* [ABOUT THIS TASK]
Take the line that contains "Authentic Michael kors duffle bag" as the first line and the final line of the records as the last; return exactly those lines and the lines between.

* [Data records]
::::::::
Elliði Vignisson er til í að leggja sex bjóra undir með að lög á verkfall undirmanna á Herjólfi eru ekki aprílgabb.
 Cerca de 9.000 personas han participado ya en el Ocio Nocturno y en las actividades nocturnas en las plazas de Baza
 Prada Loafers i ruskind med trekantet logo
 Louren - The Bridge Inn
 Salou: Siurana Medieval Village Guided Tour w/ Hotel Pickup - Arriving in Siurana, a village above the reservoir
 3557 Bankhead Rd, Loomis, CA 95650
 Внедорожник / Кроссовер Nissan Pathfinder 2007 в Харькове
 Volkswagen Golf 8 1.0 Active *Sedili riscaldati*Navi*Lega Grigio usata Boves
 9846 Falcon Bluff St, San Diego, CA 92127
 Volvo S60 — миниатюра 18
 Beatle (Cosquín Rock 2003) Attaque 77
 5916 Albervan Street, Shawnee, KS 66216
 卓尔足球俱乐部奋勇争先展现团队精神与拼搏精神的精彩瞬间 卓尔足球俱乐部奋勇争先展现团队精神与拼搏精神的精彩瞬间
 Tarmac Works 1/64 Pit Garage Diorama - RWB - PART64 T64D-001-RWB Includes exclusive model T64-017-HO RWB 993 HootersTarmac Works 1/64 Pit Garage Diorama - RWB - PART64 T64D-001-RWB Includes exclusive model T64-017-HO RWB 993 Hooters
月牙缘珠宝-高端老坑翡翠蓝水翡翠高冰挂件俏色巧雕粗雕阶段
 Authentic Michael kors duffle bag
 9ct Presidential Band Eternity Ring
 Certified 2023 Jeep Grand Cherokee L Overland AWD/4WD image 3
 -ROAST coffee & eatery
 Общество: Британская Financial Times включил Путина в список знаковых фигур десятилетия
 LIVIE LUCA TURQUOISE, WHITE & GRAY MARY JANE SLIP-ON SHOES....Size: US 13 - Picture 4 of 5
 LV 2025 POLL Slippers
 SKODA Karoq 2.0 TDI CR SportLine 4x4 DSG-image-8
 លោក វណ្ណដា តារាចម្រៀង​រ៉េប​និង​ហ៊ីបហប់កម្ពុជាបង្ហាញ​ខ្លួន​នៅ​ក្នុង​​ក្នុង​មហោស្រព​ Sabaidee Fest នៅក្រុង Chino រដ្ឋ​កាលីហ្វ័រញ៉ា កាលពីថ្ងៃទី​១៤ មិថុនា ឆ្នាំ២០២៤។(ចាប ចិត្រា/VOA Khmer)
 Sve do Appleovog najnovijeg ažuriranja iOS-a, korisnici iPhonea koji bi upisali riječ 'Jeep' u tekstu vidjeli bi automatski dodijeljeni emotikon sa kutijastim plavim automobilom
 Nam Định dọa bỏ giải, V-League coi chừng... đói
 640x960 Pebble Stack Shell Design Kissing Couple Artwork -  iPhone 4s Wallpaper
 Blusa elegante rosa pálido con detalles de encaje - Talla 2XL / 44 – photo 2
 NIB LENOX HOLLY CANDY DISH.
::::::::
* [RESULT OF THE EXERCISE]
 Authentic Michael kors duffle bag
 9ct Presidential Band Eternity Ring
 Certified 2023 Jeep Grand Cherokee L Overland AWD/4WD image 3
 -ROAST coffee & eatery
 Общество: Британская Financial Times включил Путина в список знаковых фигур десятилетия
 LIVIE LUCA TURQUOISE, WHITE & GRAY MARY JANE SLIP-ON SHOES....Size: US 13 - Picture 4 of 5
 LV 2025 POLL Slippers
 SKODA Karoq 2.0 TDI CR SportLine 4x4 DSG-image-8
 លោក វណ្ណដា តារាចម្រៀង​រ៉េប​និង​ហ៊ីបហប់កម្ពុជាបង្ហាញ​ខ្លួន​នៅ​ក្នុង​​ក្នុង​មហោស្រព​ Sabaidee Fest នៅក្រុង Chino រដ្ឋ​កាលីហ្វ័រញ៉ា កាលពីថ្ងៃទី​១៤ មិថុនា ឆ្នាំ២០២៤។(ចាប ចិត្រា/VOA Khmer)
 Sve do Appleovog najnovijeg ažuriranja iOS-a, korisnici iPhonea koji bi upisali riječ 'Jeep' u tekstu vidjeli bi automatski dodijeljeni emotikon sa kutijastim plavim automobilom
 Nam Định dọa bỏ giải, V-League coi chừng... đói
 640x960 Pebble Stack Shell Design Kissing Couple Artwork -  iPhone 4s Wallpaper
 Blusa elegante rosa pálido con detalles de encaje - Talla 2XL / 44 – photo 2
 NIB LENOX HOLLY CANDY DISH.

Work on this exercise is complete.